Erin Dubreuil makes a sweet Nanette, singing and dancing with skill and style. Tracy Ray Reynolds gives Billy’s wife Sue a flamboyant glee. Colette Peters radiates sensibility but still cuts a mean rug as Jimmy’s more cautious mate. Frank Minano has a lovely time as the over-generous, innocently enthusiastic Jimmy, making him a lovely accompaniment to the equally pure adventuring of Dubreuil’s Nanette. The other characters, and the versatile chorus, give the show its fluffy feel. It’s all light-hearted fun.

Still, the real standout of this production is Mary Murphy-Nelson as the grumpy, and extremely funny maid, Pauline. As she threatens to quit, dances with and scolds her vacuum cleaner, and otherwise offers commentary on the world at large and the silliness of the proceedings around her in particular, Murphy-Nelson’s comic timing remains the best thing in this show.

Director John Lalonde knows how to create order out of all this silliness. Choreographer John Vaughan has the tappers tapping and the waltzers waltzing with Busby Berkeley-esque period style. The set by Chuck Ketter adapts well.
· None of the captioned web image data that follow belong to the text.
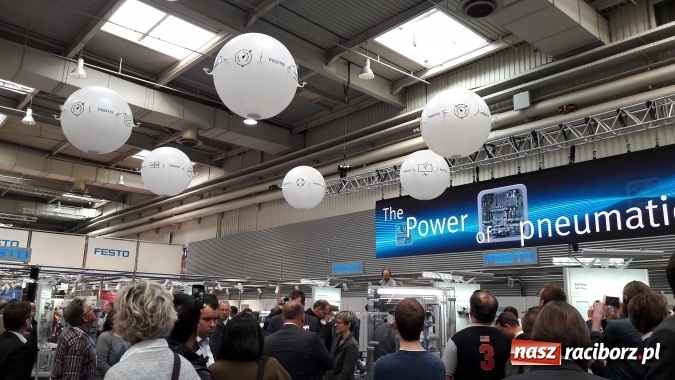 Zdjęcie w galerii na portalu naszraciborz.pl: Uczniowie Mechanika na targach CeMAT w Hanowerze  wiadomości z regionu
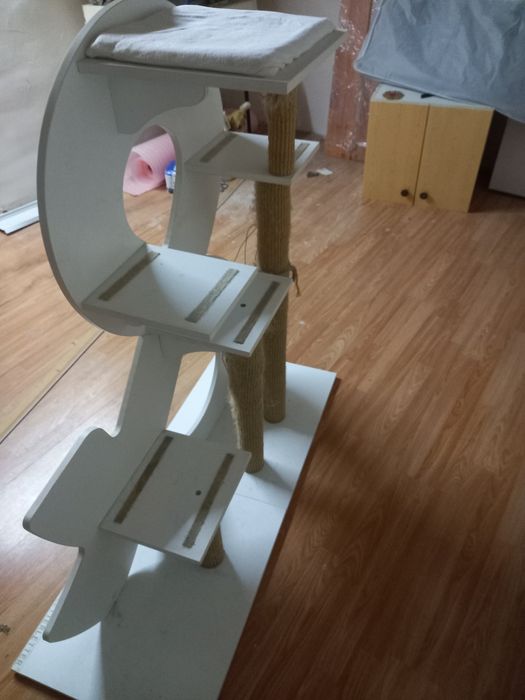 Катерушка за котка,дразкалка.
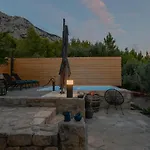 Olive Garden-pool, Privacy & Parking * 马卡尔斯卡
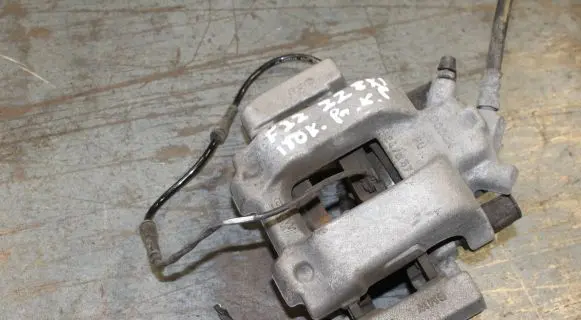BMW 2 F22 F23 Front brake caliper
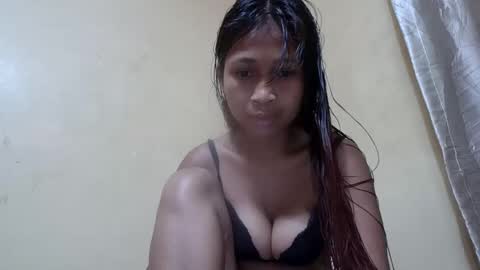 miah_land online show from October 27, 8:03 am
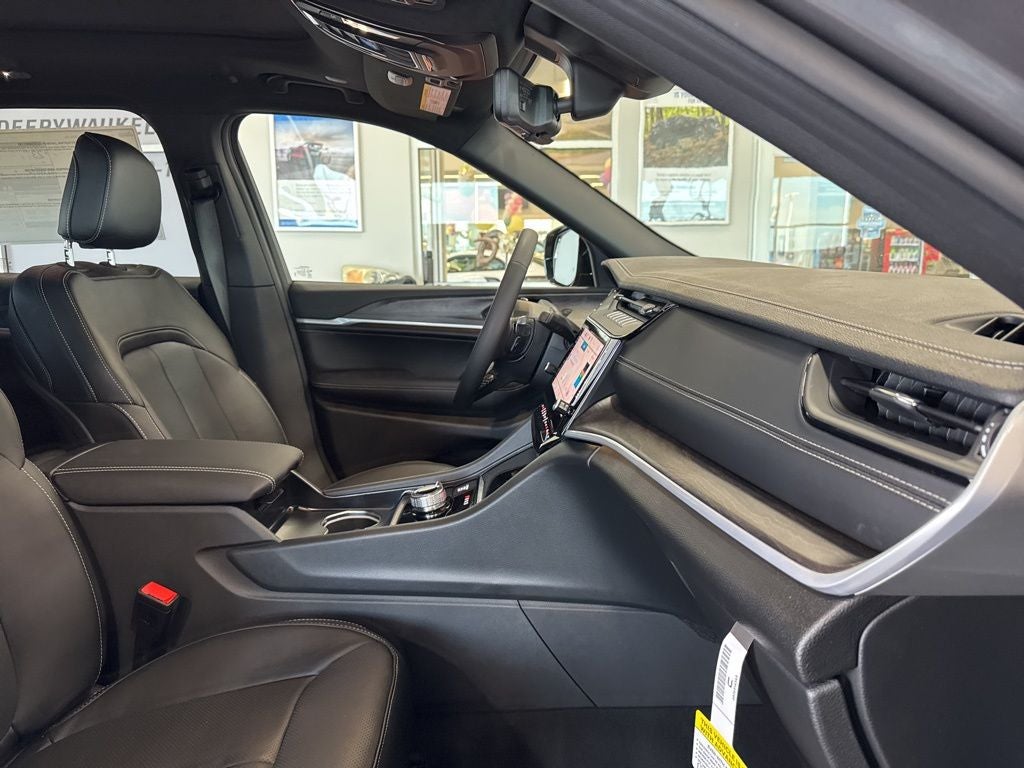 2026 Jeep Grand Cherokee GRAND CHEROKEE LIMITED RESERVE 4X4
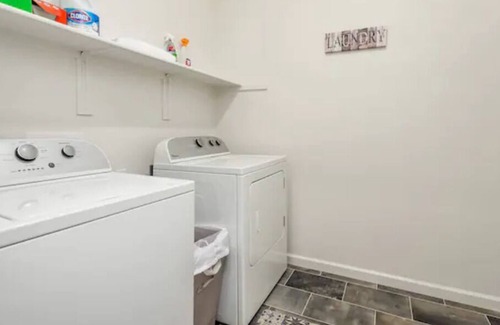 Roosevelt Casa | Fresno House| New-Build| 2 Car Garage| 3 Bed/2 Bath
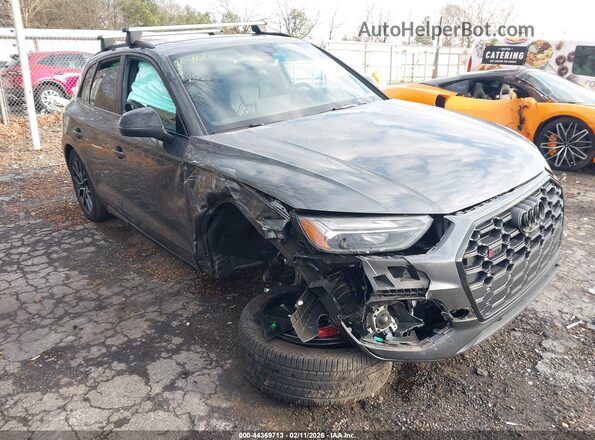 WA1B4AFY5R2046371 2024 AUDI SQ5 Gray Delantero derecho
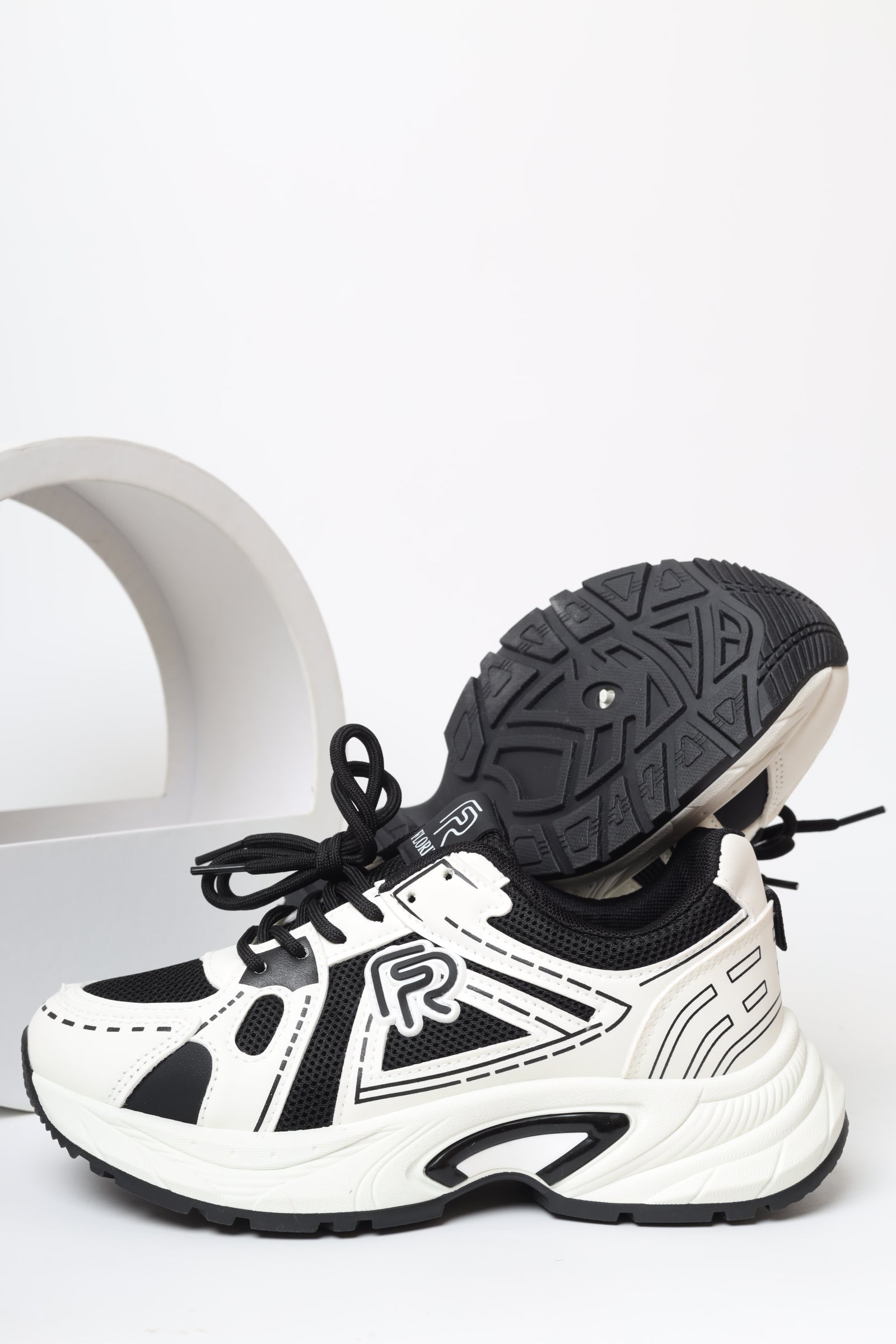 حذاء نسائي رياضي 11159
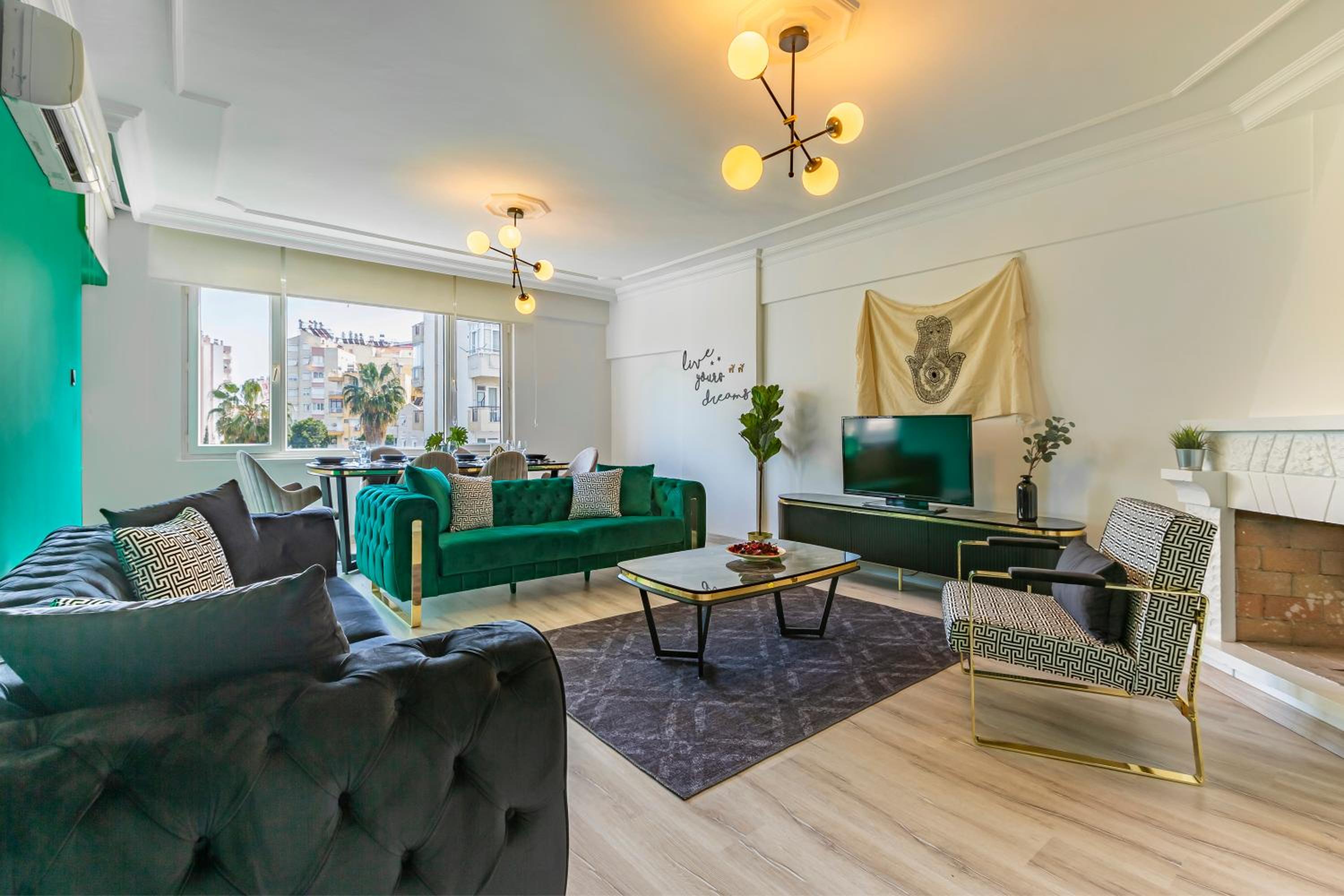 Melissas Suites Lara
One can argue that it is tough to cut a three-act show into the required two a Candlelight production must have, but even this is done with a kind of confidence which takes the audience along for the ride.

In short, “No, No Nanette” is light, frothy fun. Songs like “Tea for Two” have re-entered the American songbook because of it, and even the most titilating moments are nothing which could offend anyone of any age. At Candlelight, of course, this comes with a good meal and (should one wish) a luscious dessert.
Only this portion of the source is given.